Serving others - Do something for someone else or better yet, make it a goal to do something

monthly or weekly for others. It could be your friends, your neighbors or co-workers, but putting

time into reflecting about someone you care about and doing something nice for them is a

powerful form of self-care. This can be a note of encouragement, a gift card or even just an

intentional compliment in public. Regardless, caring for others is not always seen as self-care but

has only positive side effects and can greatly impact your ability to increase your overall outlook

on work and life in general.

One thing that isn’t always mentioned with self-care is that it can be hard. Not everyone has the

awareness or the resources to effectively utilize self-care, and pushing people to take care of

themselves can be a touchy topic. People can be offended or hurt that you think there is

something wrong with them or have concerns about their well-being. Due to the stigma paired

with the fact that self-care just isn’t a reality for everyone, taking the initiative to motivate

someone else can also benefit your health. If you decide you are going to walk every day, invite

your co-worker and work to remove the barriers for them. Give them a ride, bring an extra water,

come with a positive attitude, save all your funny uplifting stories to share during the walk and

continue to model this consistency.

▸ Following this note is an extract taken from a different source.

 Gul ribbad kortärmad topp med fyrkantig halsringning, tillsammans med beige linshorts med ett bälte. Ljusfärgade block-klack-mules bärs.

Sometimes our peers just can’t get started and if self-care

comes naturally to you, work to help those around you. This can only positively affect the overall

mood in your building. This can have a contagious effect, allowing others as they grow to

positively influence those around them as well.

Bottom line, our jobs are hard and as we have learned, working around trauma can only make it

harder. Don’t let compassion fatigue overcome you. Pay attention to the signs in yourself and

others. Self-care is not extra, it’s mandatory.